# Thunderbird mot de passe sécurité perso perdu



## pierre22 (1 Décembre 2007)

Bonjour à tous,

Quelqu'un pourrais m'indiquer comment "reinitialiser" le  mot de passe sécurité perso de Thunderbird  que j'ai oublié ?

Merci de vos réponses


----------



## Mobyduck (1 Décembre 2007)

Bonjour pierre22,

Ceci devrait t'aider.


----------



## pierre22 (1 Décembre 2007)

Merci pour la rapidité. 
J'avais pourtant fait des recherches

Bon WE


----------



## Mobyduck (1 Décembre 2007)

Y'a pas de quoi, bon week end à toi également.


----------



## JPTK (11 Janvier 2008)

On peut protéger l'accès à THB par un MDP ??


----------



## Mobyduck (11 Janvier 2008)

J'ai trouvé ça, par contre je sais pas s'il sera compatible avec Thunderbird 2.


----------



## pierre22 (11 Janvier 2008)

Merci. Mais ton lien précédent est au poil. 

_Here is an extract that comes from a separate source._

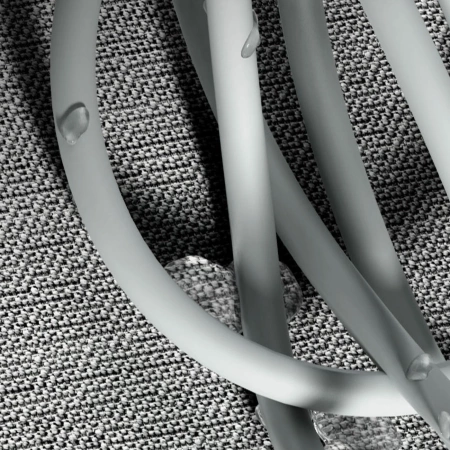 Baseus 2x kabel USB Typ C - Lightning szybkie ładowanie Power Delivery 20 W 1,5 m biały (TZCATLZJ-02)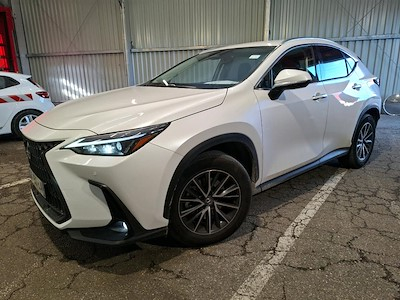 Kupi LEXUS NX na Ayvens Carmarket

 J'ai jeté le fichier Key 3 (cela implique la perte du mot de passe, mais puisque que l'on fait cela quand on ne s'en souviens plus...). Et quand on relance TBird, il nous invite à créer un mot de passe.

Cordialement


----------



## Mobyduck (11 Janvier 2008)

En fait, le lien ci-dessus est destiné à jaipatoukompri qui souhaite protéger, via un mot de passe, l'accès à Thunderbird.  

En tout cas, heureux d'avoir pu t'aider précédemment.  

Edit: J'ai encore lu en diagonale...  :rateau:


----------



## JPTK (11 Janvier 2008)

pierre22 a dit:


> Merci. Mais ton lien précédent est au poil.
> 
> J'ai jeté le fichier Key 3 (cela implique la perte du mot de passe, mais puisque que l'on fait cela quand on ne s'en souviens plus...). Et quand on relance TBird, il nous invite à créer un mot de passe.
> 
> Cordialement



Damned ça fonctionne pas avec la THB 2 je suis vert, faut absolument que je trouve quelque chose :rateau:


----------



## JPTK (25 Janvier 2008)

Non personne ?


----------



## douda0512 (13 Juillet 2012)

Sous Thunderbird Outils puis Options... 
Dans la nouvelle fenêtre on choisi la catégorie Confidentialité puis l'onglet Mots de passe. 







Enfin on clique sur Modifier les mots de passe stockés 

Dans la nouvelle fenêtre il suffit de supprimer les mots de passes enregistrer des comptes que vous avez modifiés ! 






On quitte puis redémarre Thunderbird !


----------